Problem details ▸ Please take the lines from the one holding "Митрополит Игнатий совершил" through the one holding "St Round Beach" in the data below and copy them exactly.

Excerpted data ▸
================================

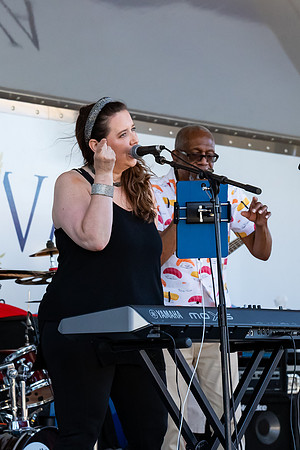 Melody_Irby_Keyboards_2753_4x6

================================

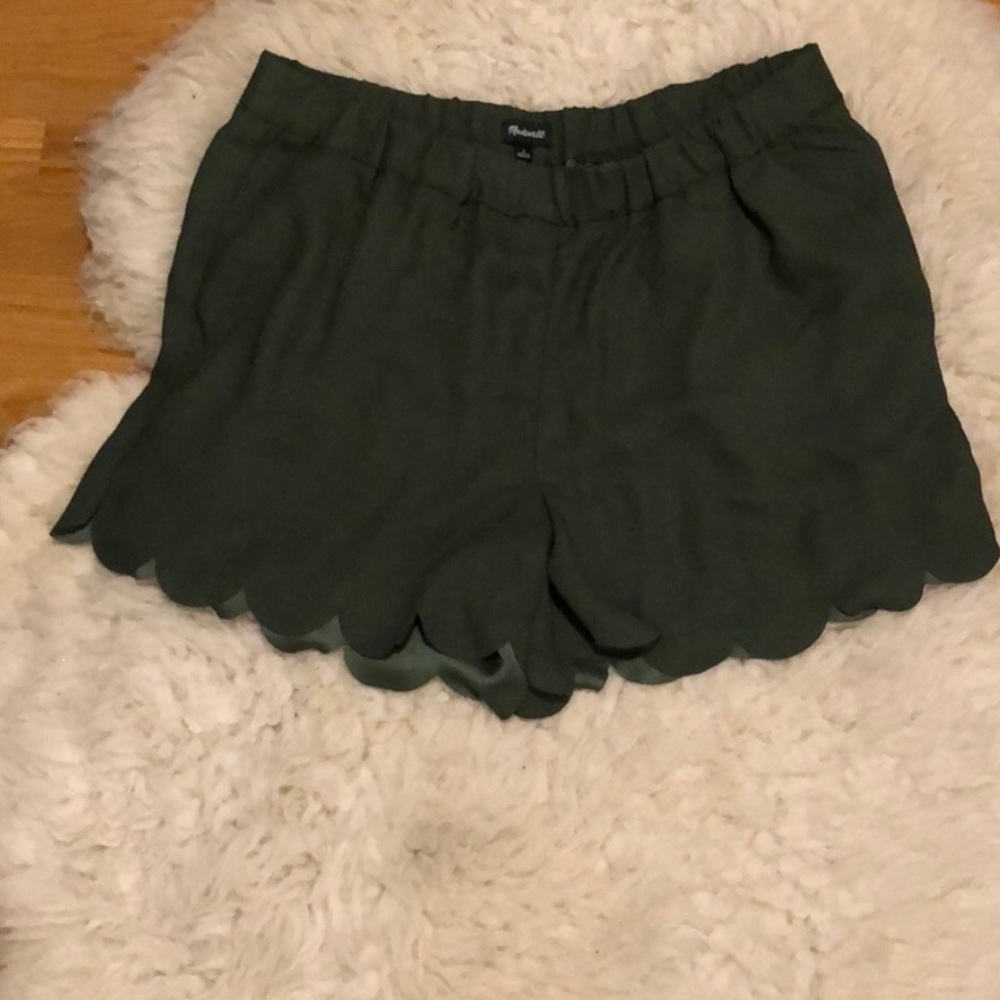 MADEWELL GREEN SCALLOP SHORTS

================================

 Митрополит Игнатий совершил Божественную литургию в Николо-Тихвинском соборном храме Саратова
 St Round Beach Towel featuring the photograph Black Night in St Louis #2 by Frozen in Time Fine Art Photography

================================

Solution for this exercise ▸
 Митрополит Игнатий совершил Божественную литургию в Николо-Тихвинском соборном храме Саратова
 St Round Beach Towel featuring the photograph Black Night in St Louis #2 by Frozen in Time Fine Art Photography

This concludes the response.